Loeb studied in Paris with Fernand Léger and at the Art Institute, and she was active in and around Chicago before relocating to Massachusetts in 1940, where she was a well-known modernist in the Provincetown area. In 1908, she was one of five School of the Art Institute students commissioned by Kate Buckingham and her Chicago Public School Art Society to create murals for the new Albert G. Lane Technical High School located at Division and Sheffield. From 1909 to 1913, Loeb and the other four artists — Henry George Brandt, Margaret Hittle, William E. Scott, and George Stevenson –painted a total of eleven murals for specific sites at Lane.

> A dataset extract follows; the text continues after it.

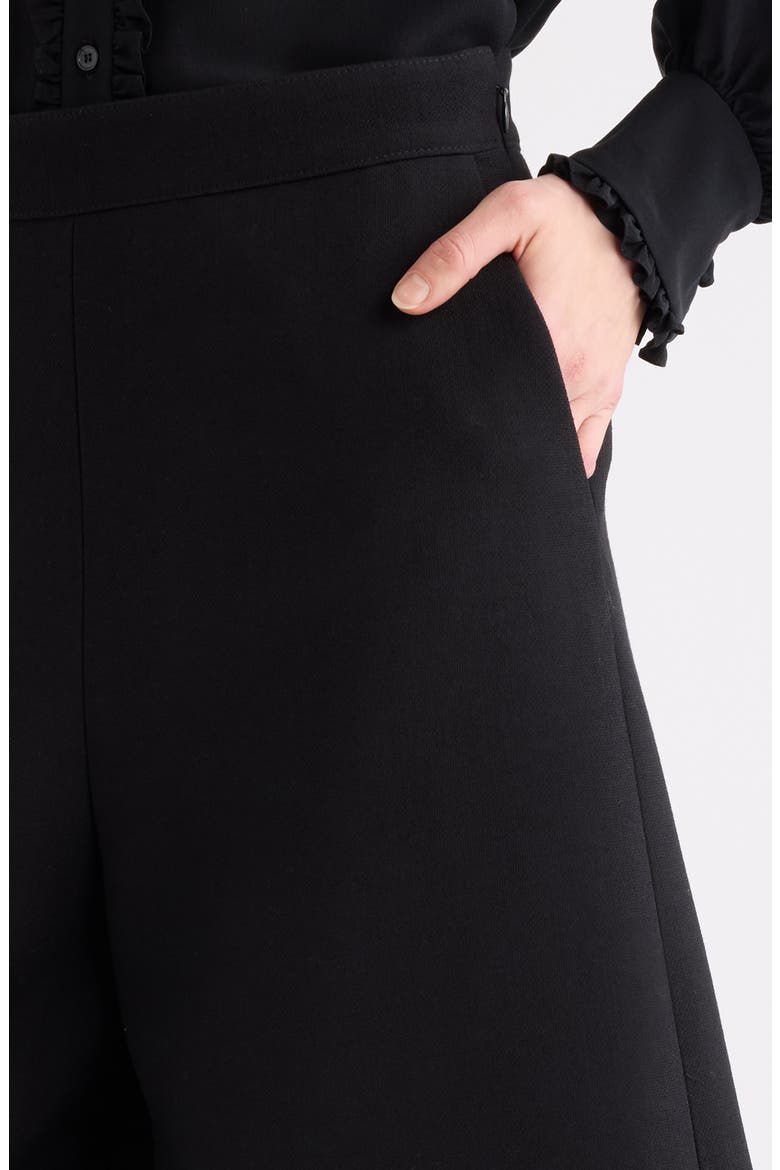 Virgin Wool Crêpe Crop Wide Leg Trousers, Alternate, color, BLACK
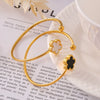 Flower Jewelry Inlaid White Shell Acrylic 316L Stainless Steel Open Bracelet With Electroplating Treatment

Loeb’s 7′ x 19′ oil on canvas, completed in 1909, graced the stage of the school auditorium for many years. While the mural had no official title, it was referred to in various student publications as “A Study in Primitive Forge,” and it depicted a group of tool-bearing workers gathered around a cauldron into which molten metal was being poured. By 1934, an overcrowded Lane moved to its larger (and present) location on Addison and Western. It was assumed that the Loeb mural had not survived the relocation in 1934. But Flora Doody, director of the Mural Restoration Project at Lane, discovered in yearbook photos dating from 1936 to 1952 that the mural had indeed survived the move and graced the wall in Room 113. Sometime in the early 1950s, Loeb’s mural was replaced by a photomural of Chicago.
Cut to Lane Tech 2005, Flora Doody and Chicago conservationist Barry Bauman implement the country’s first-ever high school class on Fine Arts Conservation. Doody organized her student docent team into “MSI: Lane” (mural scene investigation) a spin-off of the popular TV series “CSI: Miami,” to attempt to locate this lost treasure. Clues led them to the Highland Park home of a deceased former teacher, where the mural had most likely been placed in safekeeping and lay in wait for the better part of fifty years.
Corbett vs. Dempsey gallery and the Chicago Public Schools will present an official unveiling of the lost Dorothy Loeb mural at a special reception held Friday, November 11, from 6-8 pm, at Corbett vs. Dempsey, 1120 N. Ashland, 3rd Floor. At 7 pm, Flora Doody and Barry Bauman will unveil the work and give a short presentation about its recovery and restoration. Some of the MSI: Lane student docents as well as members of Bauman’s Fine Arts Conservation class will also be in attendance. The Loeb mural will also be on view on Saturday, November 12 from 11 am to 4 pm.